= Records provided =
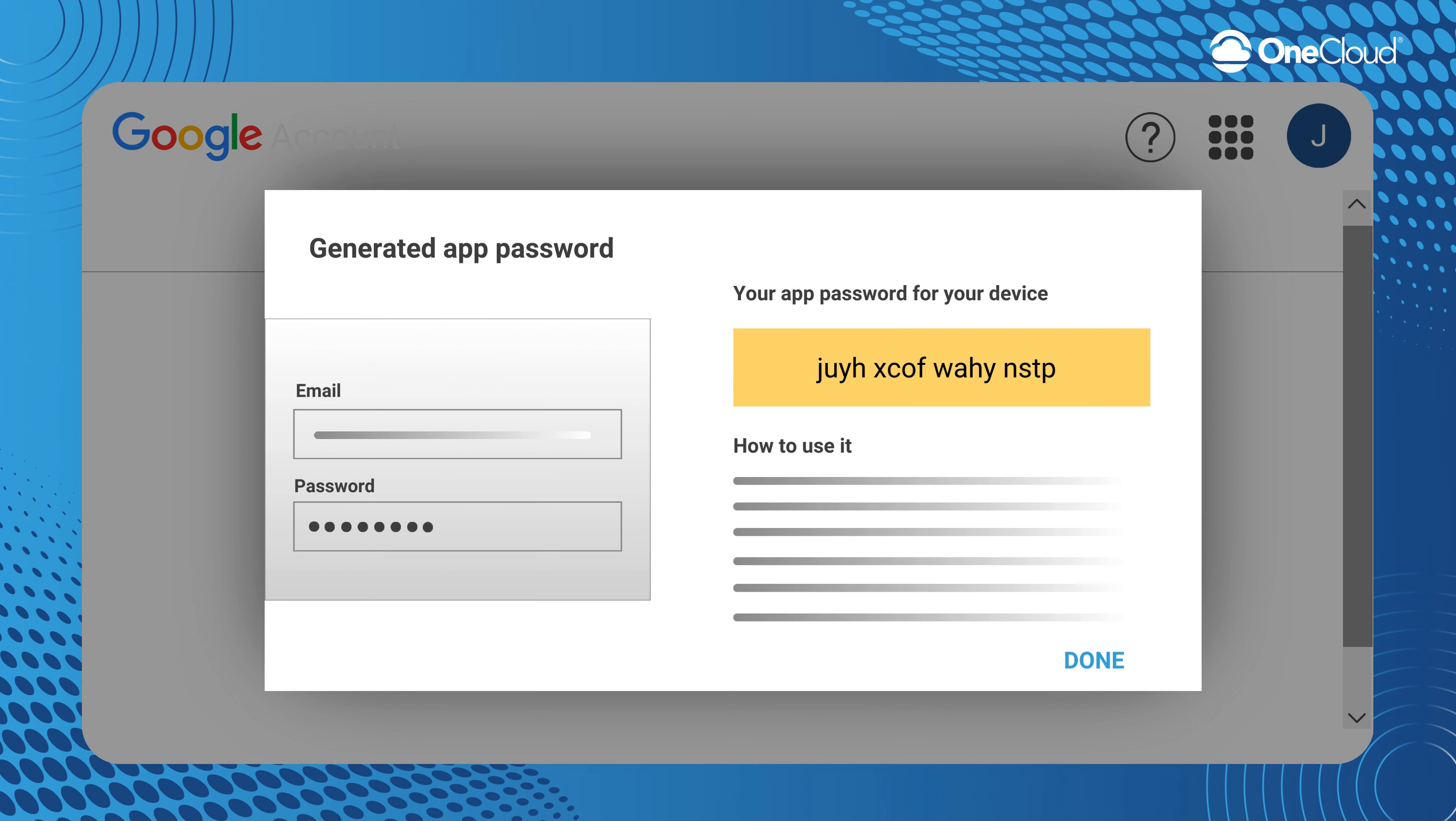This will be a unique password that OneCloud CX will use to access your email account. Copy the given password, disregarding the spaces in between the characters.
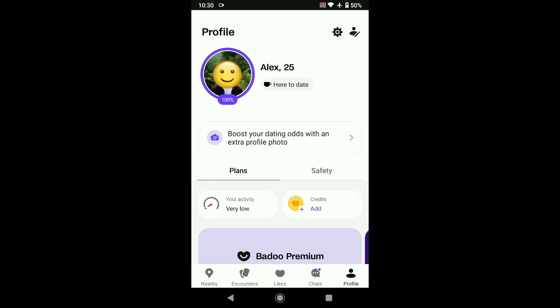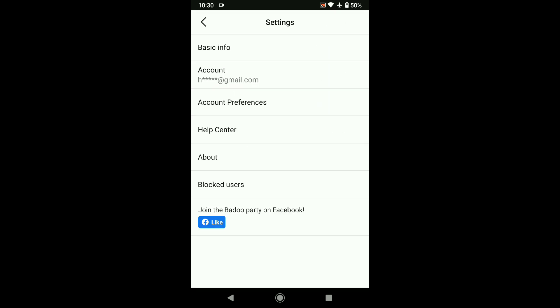Now in your Bedou profile, click on the settings icon at the top right corner. And now in your Bedou settings, tap on account.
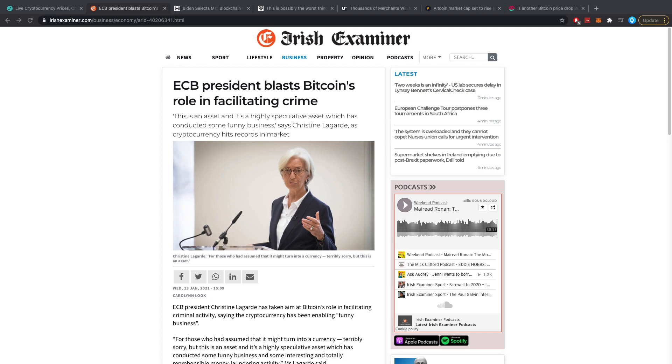Hello everybody and welcome back to 5 Minute Crypto, the channel where we cover the most important crypto news in just 5 minutes, back again with another breaking crypto news episode without advertisements.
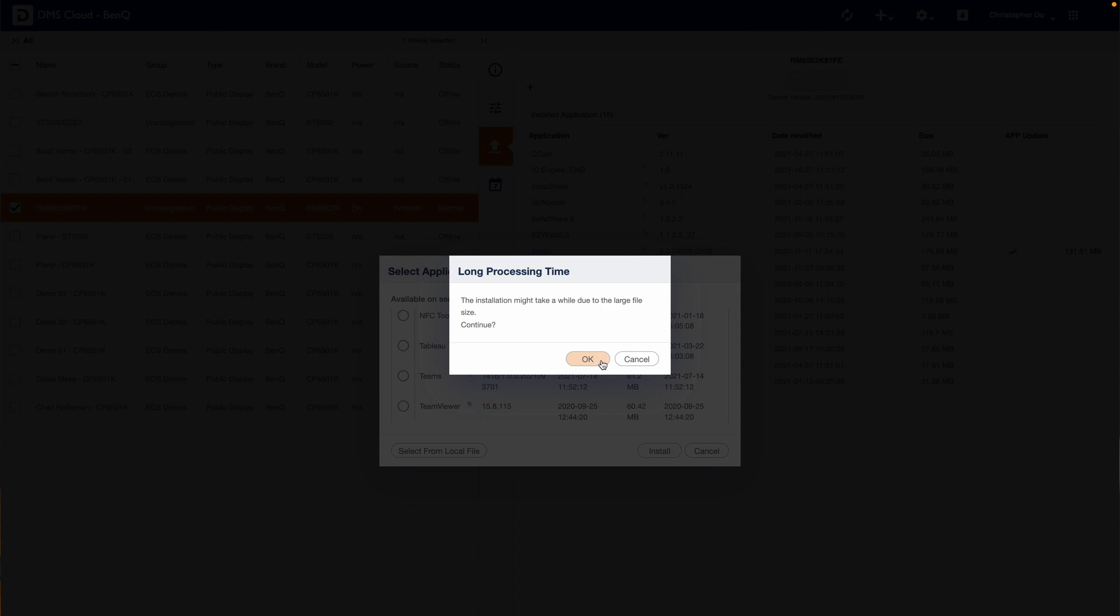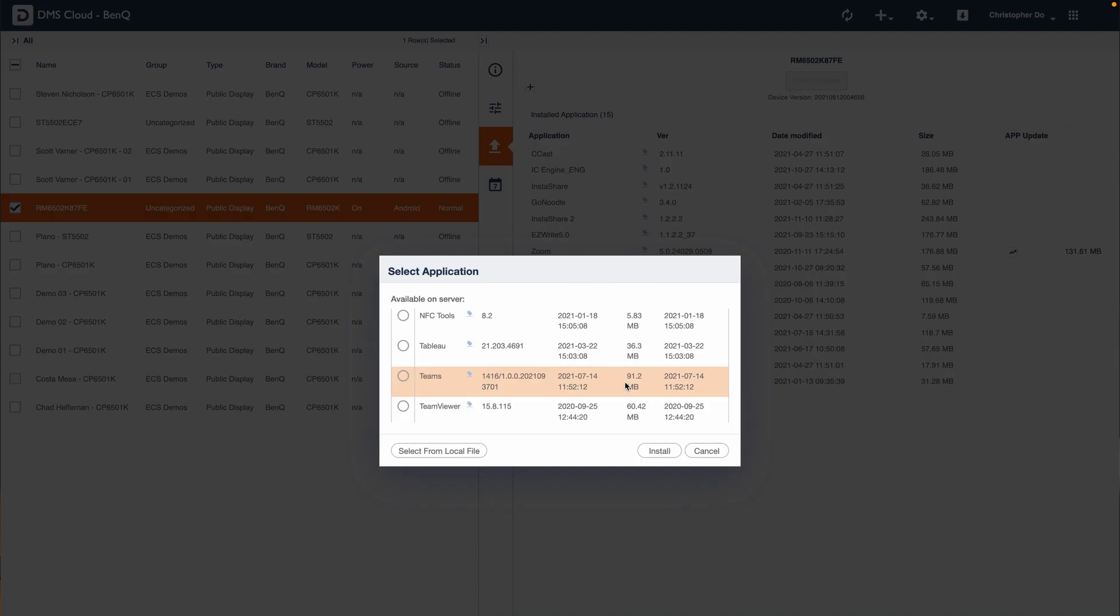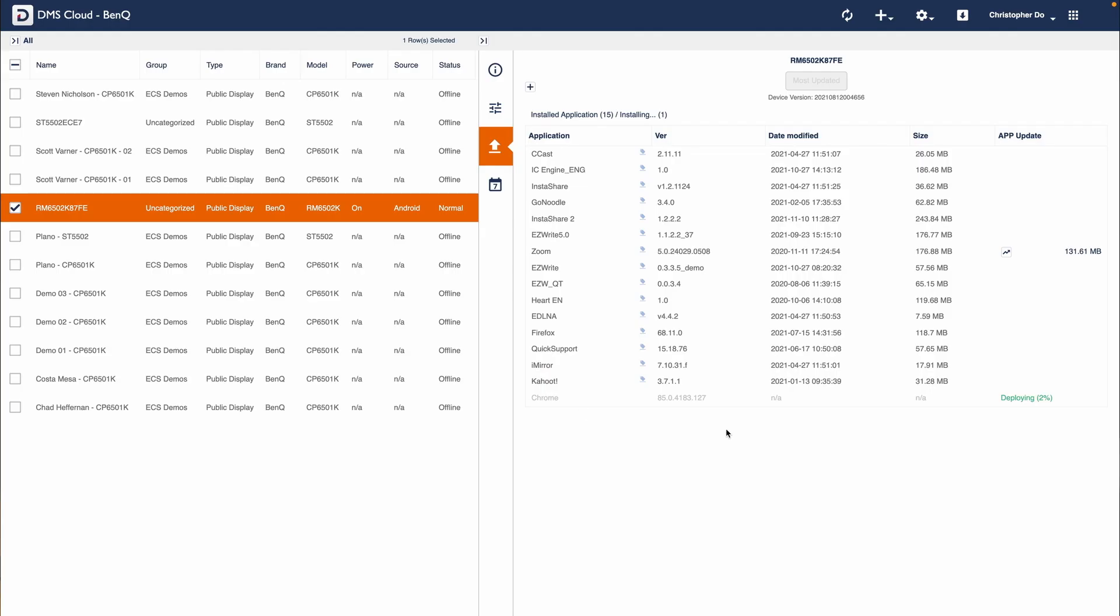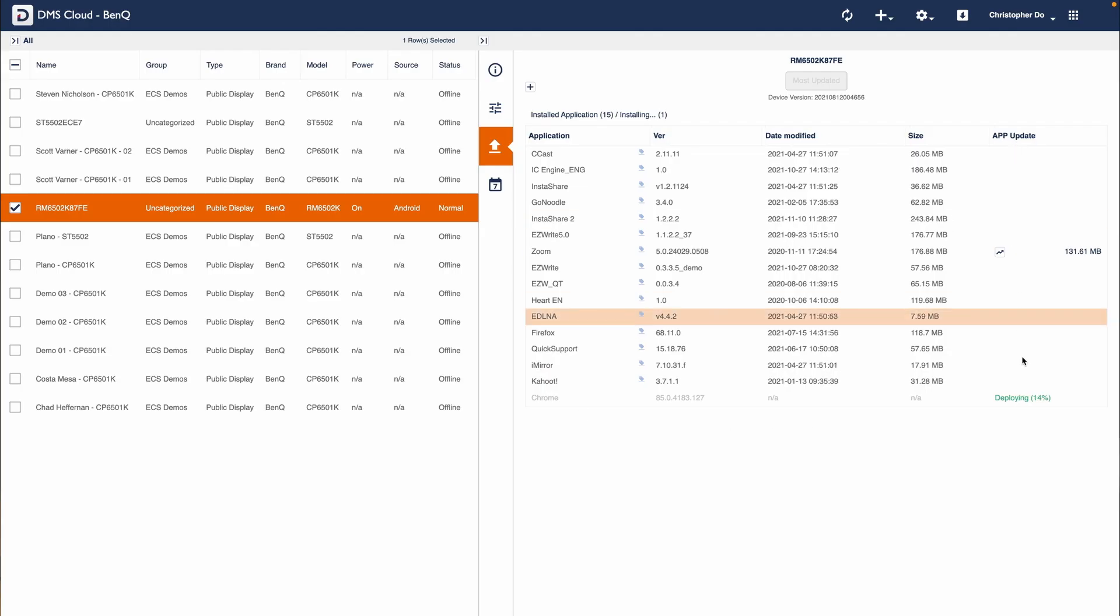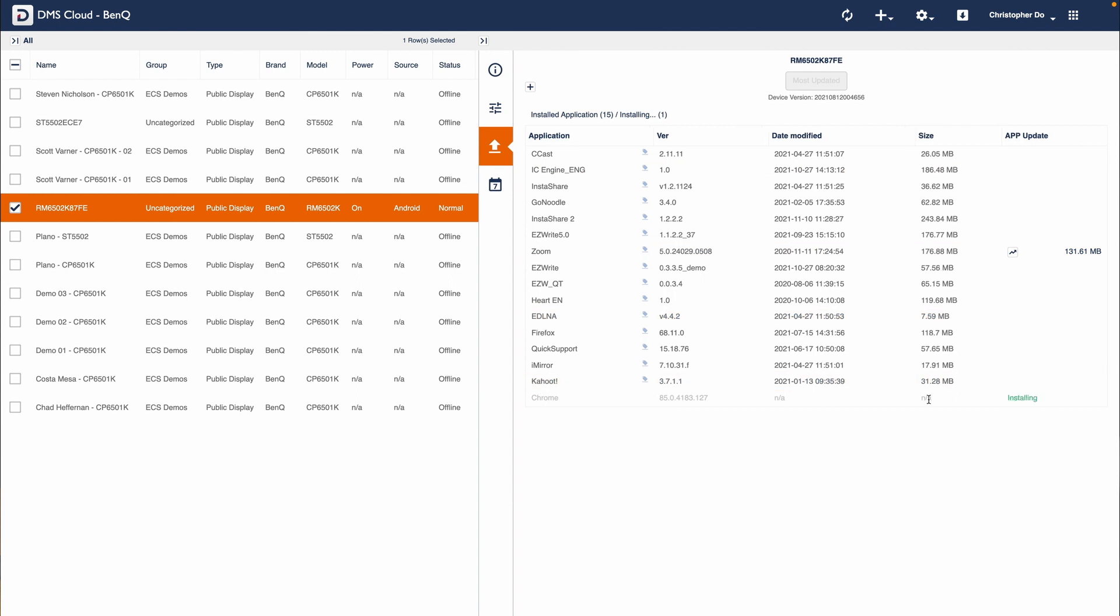From here, press OK and it will begin installation. If you look on screen, you can see under app update the status of your deployment. Once the deployment is complete, the app should appear on your board.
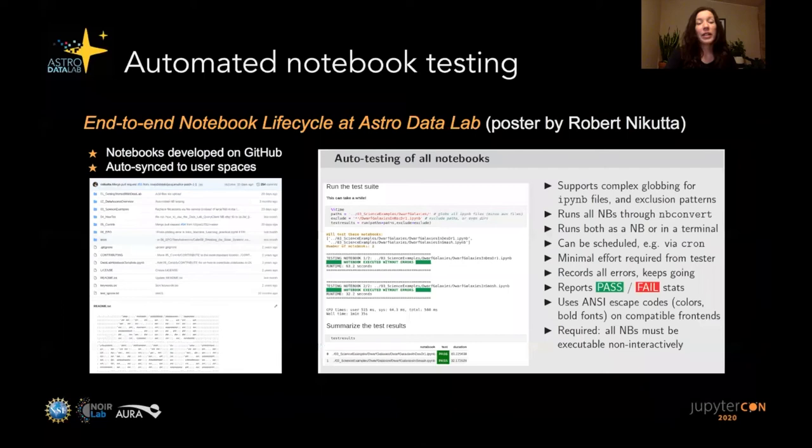We also have a way to automatically test notebooks. There's a poster on this topic by my colleague Robert Nikita that goes through the whole end-to-end notebook life cycle, running automatically through the collection and showing what has passed or failed testing.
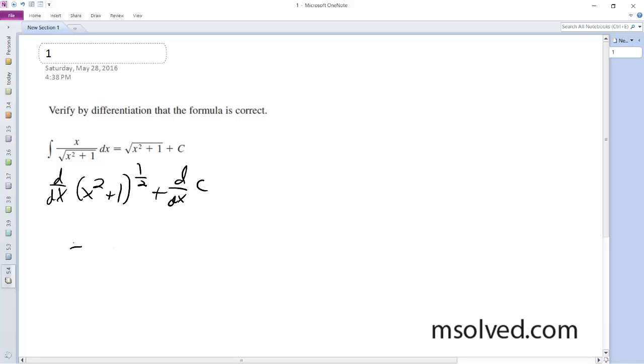we get 1 half, the derivative on the inside, which is 2x, and then x squared plus 1 raised to the negative 1 half.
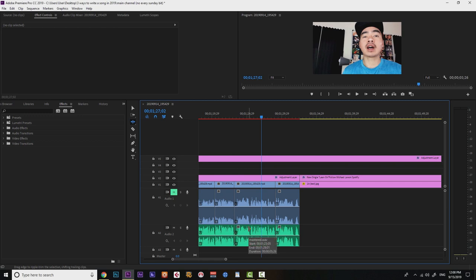So how do we actually fix this problem? Very easy to fix. It was driving me nuts, but I finally figured it out how to do it. You just have to click on this toggle sync lock, but you got to do it for every single track that's on here.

= Exercise directions =
The answer should consist solely of the lines from the one containing "we get 1 half, the" through the last line of the material, copied exactly, with pictures left out.

= Result for this task =
we get 1 half, the derivative on the inside, which is 2x, and then x squared plus 1 raised to the negative 1 half.
So how do we actually fix this problem? Very easy to fix. It was driving me nuts, but I finally figured it out how to do it. You just have to click on this toggle sync lock, but you got to do it for every single track that's on here.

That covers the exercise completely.